• Extracted entries
━━━━━━━━━━

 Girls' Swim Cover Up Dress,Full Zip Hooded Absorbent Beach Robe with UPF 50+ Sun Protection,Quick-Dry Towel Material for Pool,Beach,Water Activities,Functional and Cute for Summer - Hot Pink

━━━━━━━━━━

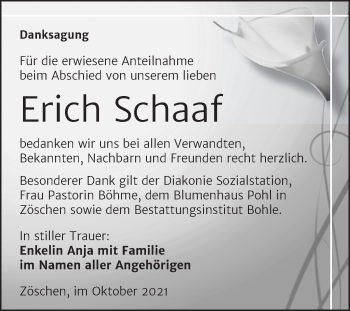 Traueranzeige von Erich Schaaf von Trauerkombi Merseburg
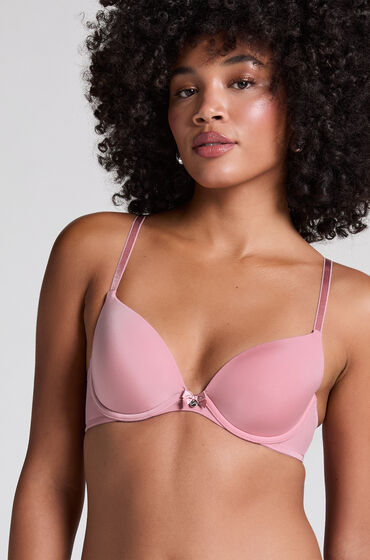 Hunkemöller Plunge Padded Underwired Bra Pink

━━━━━━━━━━

• Task objective
Reproduce, word for word, everything in the listing above from the line containing "Traueranzeige von Erich" down to the line containing "Hunkemöller Plunge Padded", both of them included. No pictures.

• Answer for this exercise
 Traueranzeige von Erich Schaaf von Trauerkombi Merseburg
 Hunkemöller Plunge Padded Underwired Bra Pink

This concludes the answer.